Por más que no eluda mostrar sus debilidades (un donjuanismo que lo llevó a una bigamia de hecho, cierta prescindencia de temas políticos y raciales y, sobre todo, como queda dicho, la dependencia del “mono”) lo que le importa a Ray es ratificar su condición de institución nacional. Lo cual queda confirmado por el momento que la película elige como cierre: la adopción de Georgia on My Mind como himno oficial de ese estado del sur, a fines de los ’70. Más allá de alguna ruptura temporal (con flashbacks introducidos por unos injustificables fundidos a rojo), básicamente se sigue la línea de puntos que lleva de la pobreza a la gloria, con escalas en todos los hitos (o hits) de esa vida.

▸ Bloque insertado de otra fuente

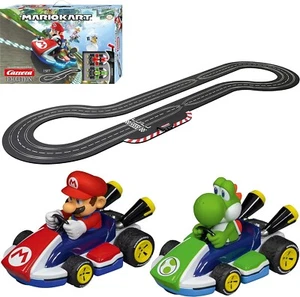 Carrera Evolution Mario Kart Slot Car Racing Race Set 25243 NEW - Picture 1 of 3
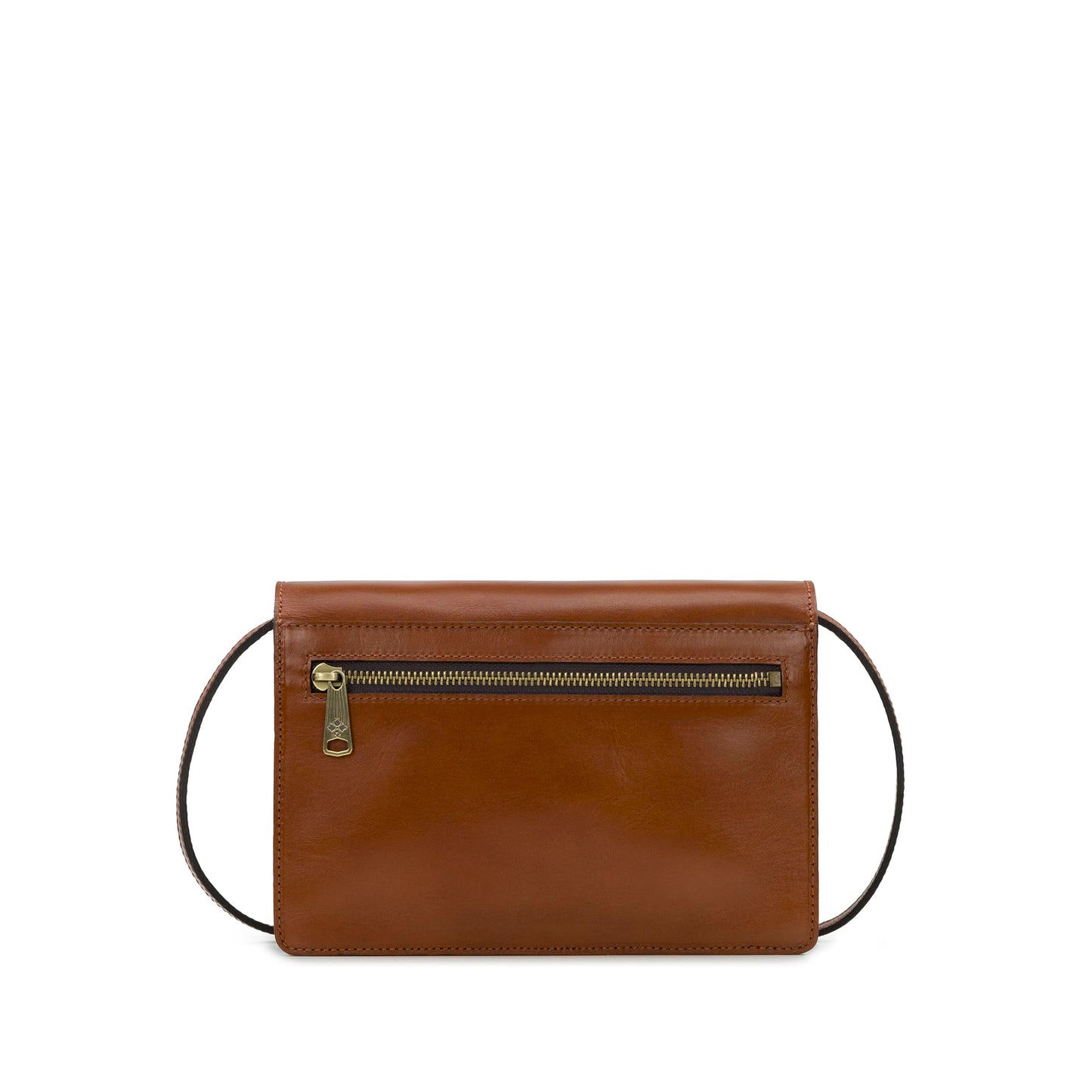 Patricia Nash | Lanza Leather Crossbody Bag | Women's Crossbody Purse | Crossbody Clutch, Tan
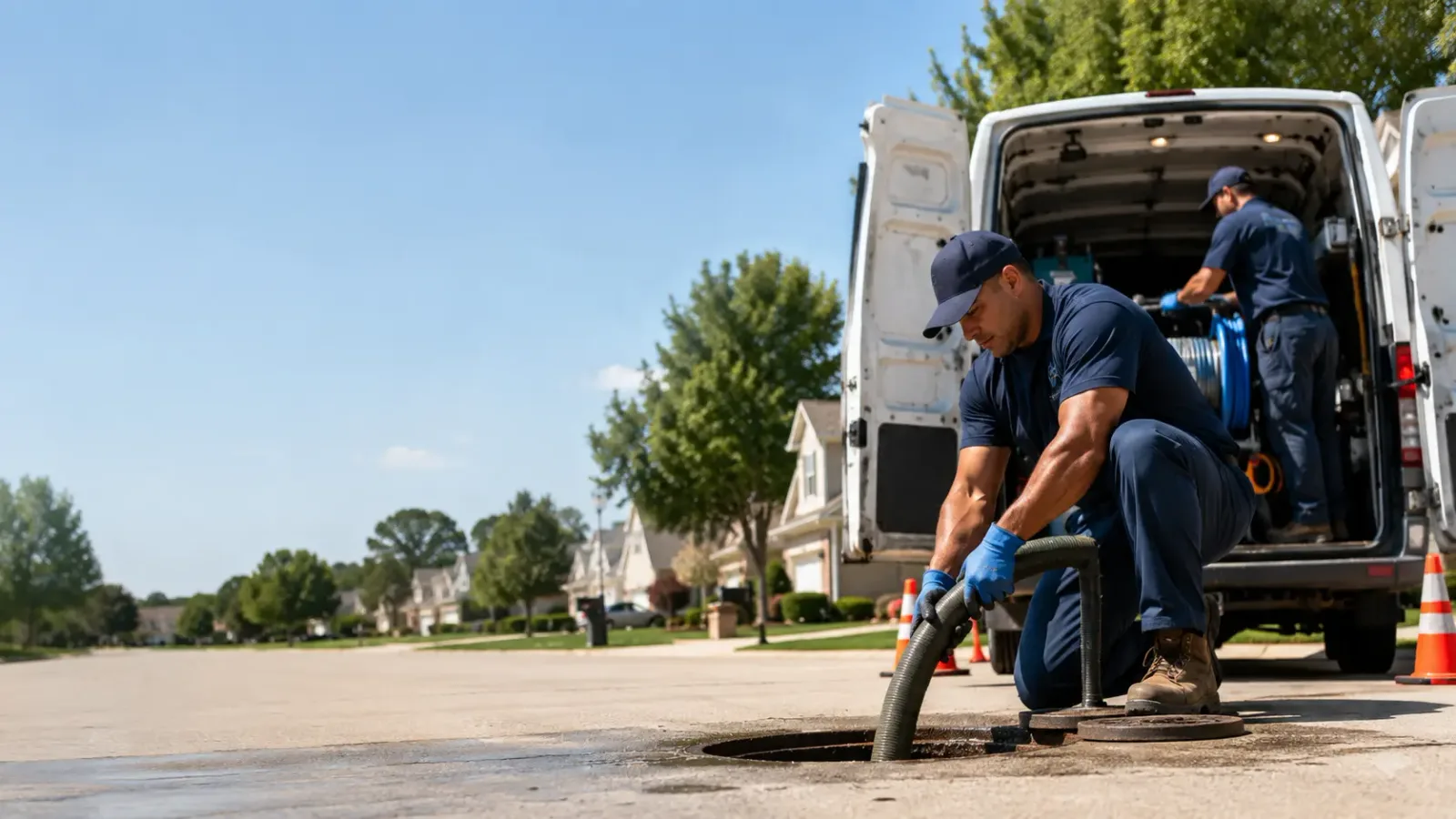 Sewer Backup Cleanup services in Lima, IL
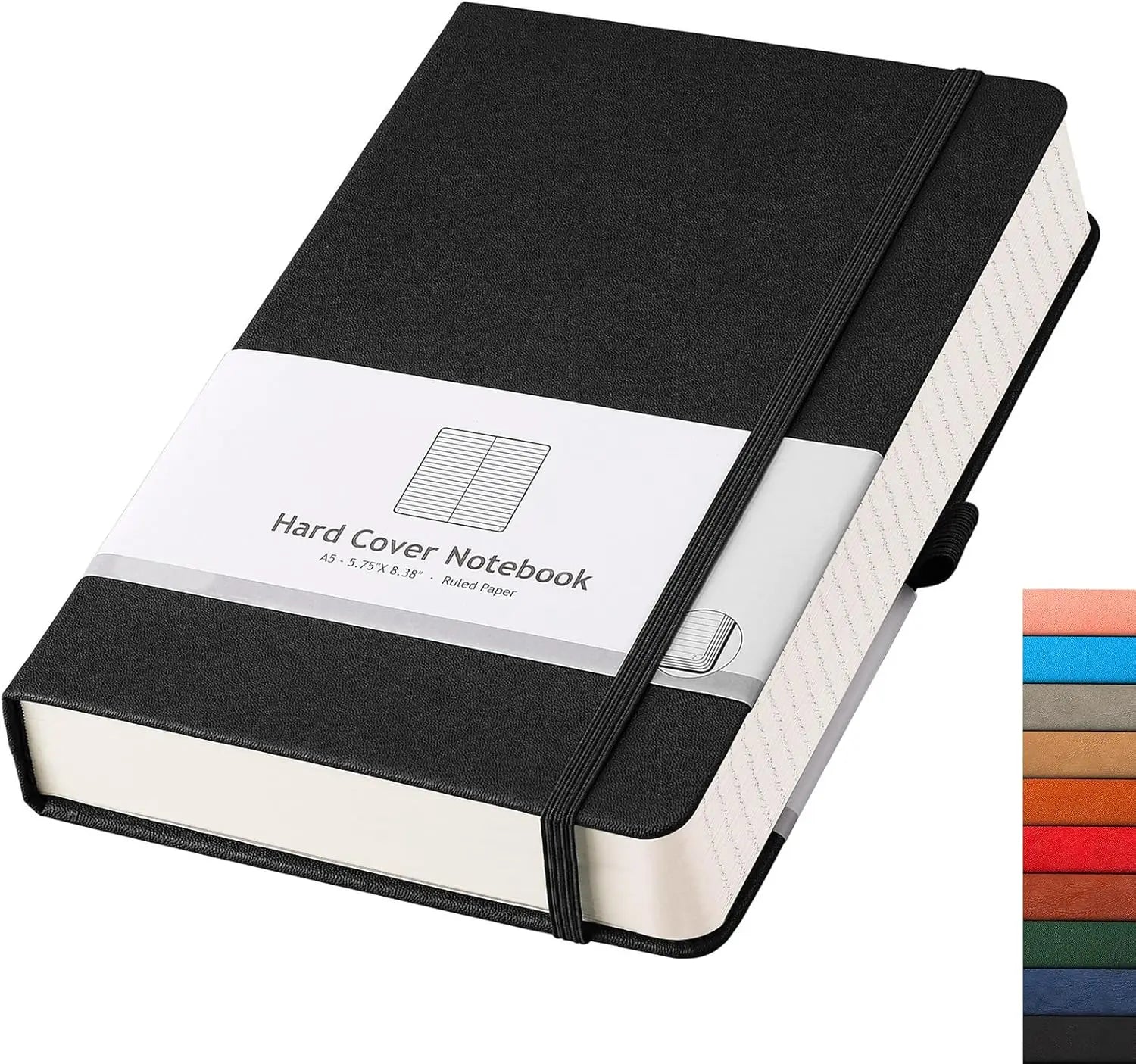 Thick Lined Notebook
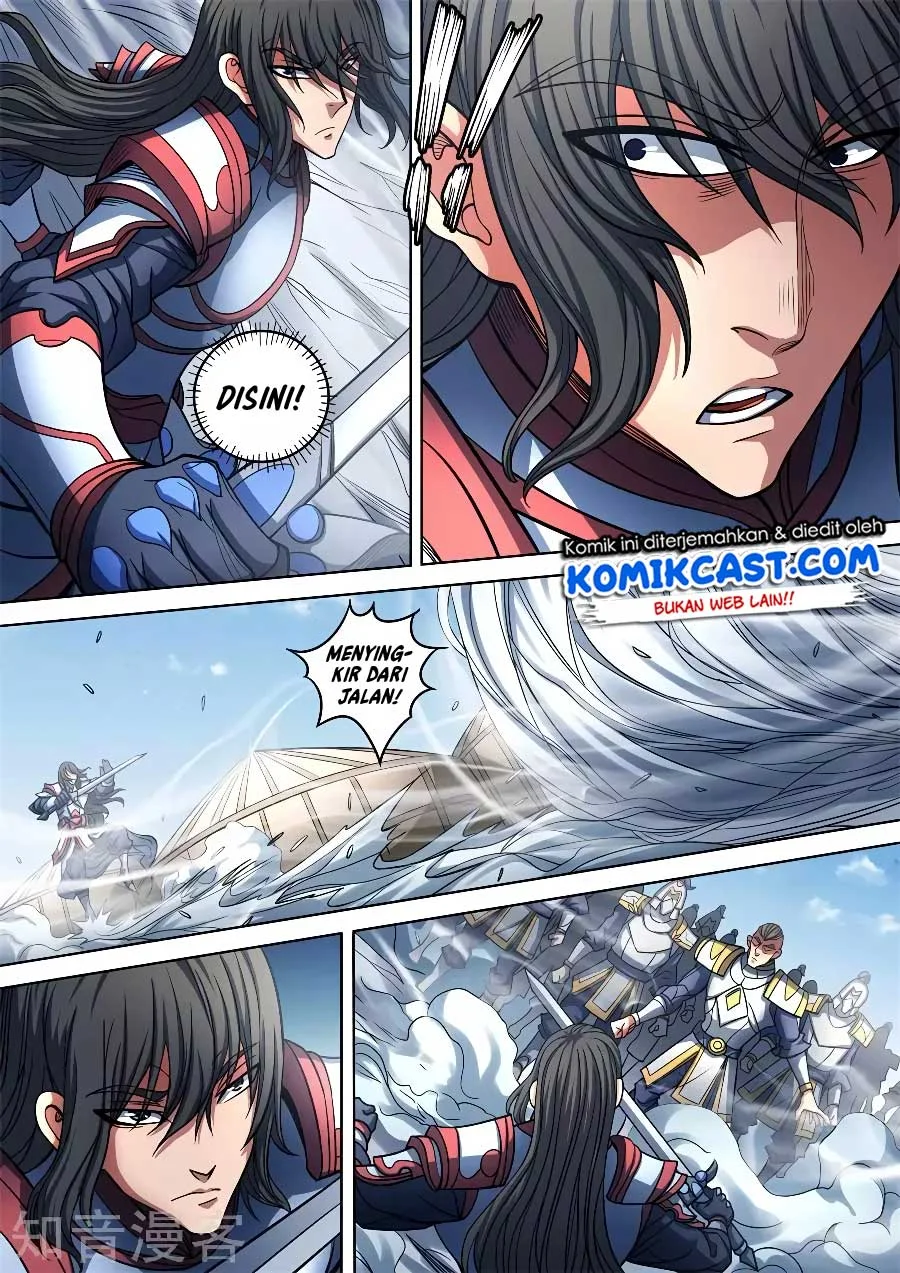 God of Martial Arts Chapter 284 Gambar 5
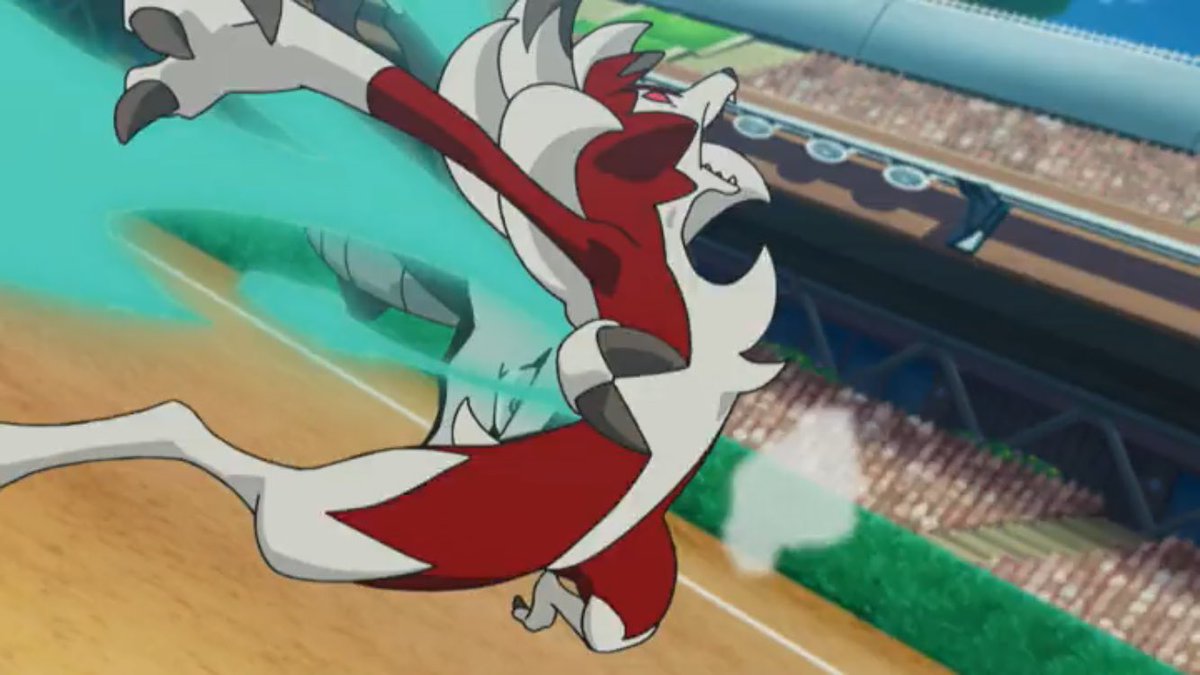 にかいち 先週のやられ夜ルガルガン色々 アニポケ Anipoke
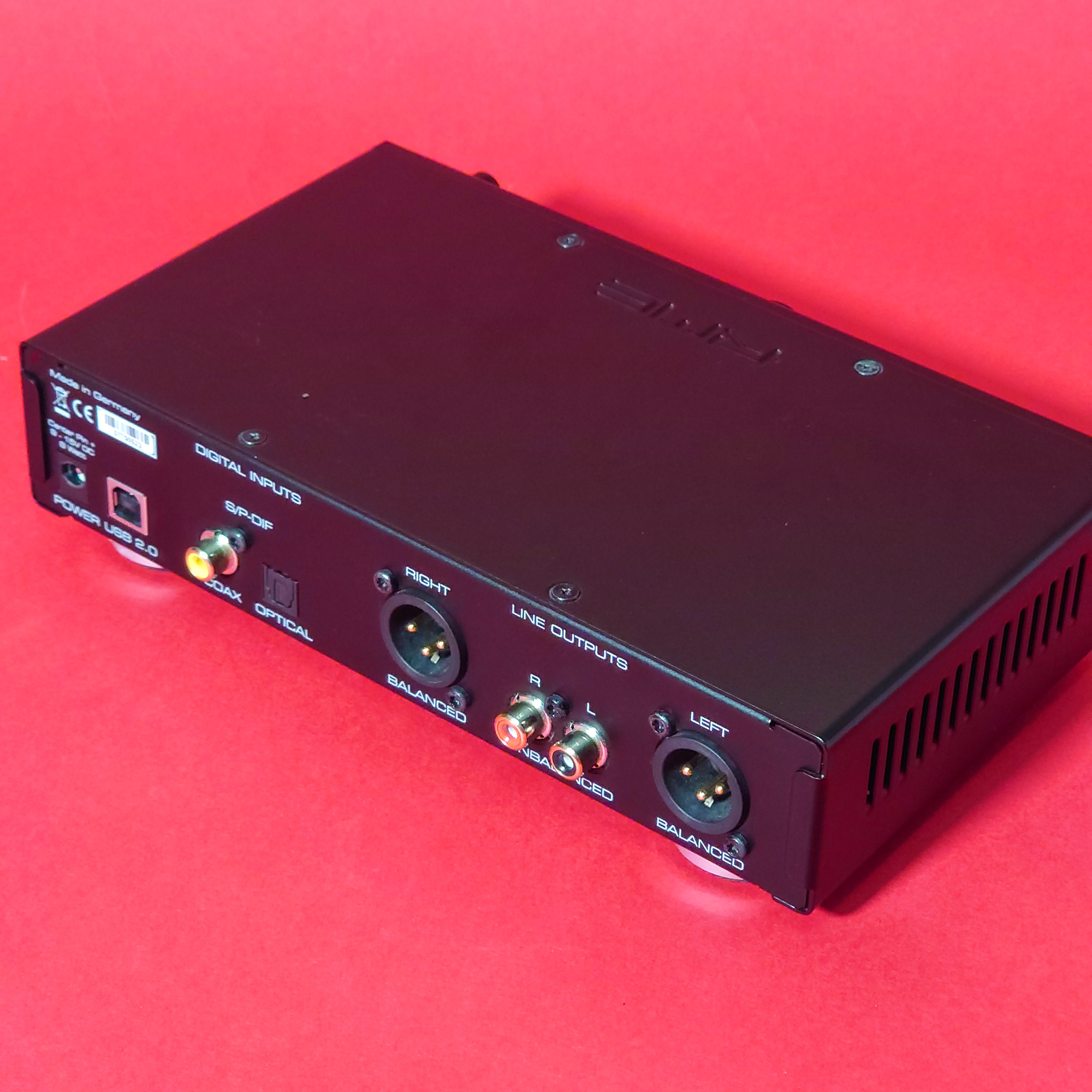 RME ADI2 FS DAC and headphone amp AKM CHIP ﻿ Stereo, Home Cinema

Para ser un auténtico héroe americano debe haber necesariamente un trauma de origen. Este reside aquí en la culpa que el pequeño Ray siente ante la ridícula muerte de George, su hermano mayor, y que volverá una y otra vez, a través de feos raccontos. Emerge, como en un tango (al fin y al cabo, los blues son primos de nuestra canción ciudadana), la figura de la madre, que en un sueño final –supercursi y edípico– confirmará su tamaño frente al hijo. No falta, por supuesto, el momento en que el pequeño Ray contrae la definitiva ceguera, a los siete años. Y de allí en más la carrera musical, desde los tímidos inicios (al borde del plagio a Nat King Cole y Charles Brown) hasta el hallazgo de una voz propia, la consolidación y la gloria, en buena medida gracias al apoyo de la gente del sello Atlantic.
Pero el corazón del asunto es, obviamente, el desfile de clásicos, con la voz alternativamente aterciopelada, rugosa y potente abriéndose paso entre temas como I Got a Woman, What’d I Say, Unchain my Heart y que sigan los éxitos. Parece sintomático que la película dirigida por el impersonal Taylor Hackford (capaz de pasar de Reto al destino a El abogado del diablo, y de Eclipse total a Ray) no logre sobreponerse durante toda su primera parte a su abrumadora rutina cinematográfica, y que sí lo haga en la segunda, al calor de la sucesión de temazos. Candidato de oro al Oscar al Mejor Actor Protagónico (y ganador, el domingo pasado, del Globo de Oro), el morocho Jamie Foxx (el taxista de Colateral) basa su composición en la mímesis más absoluta.
El maratón imitativo del muy talentoso Foxx va del clásico gesto raycharlesiano del autoabrazo al no menos característico bamboleo ciego. Incluye también un obsesivo estudio de aquel inimitable fraseo al hablar, que Foxx logra calcar asombrosamente. Que la morocha Regina King le pelee de igual a igual cada escena al protagonista –en el papel de la raelette más favorecida (y a la larga más perjudicada)– es una prueba del humor, el vozarrón y las vísceras con que esta verdadera Regina compone a la belicosa Margie.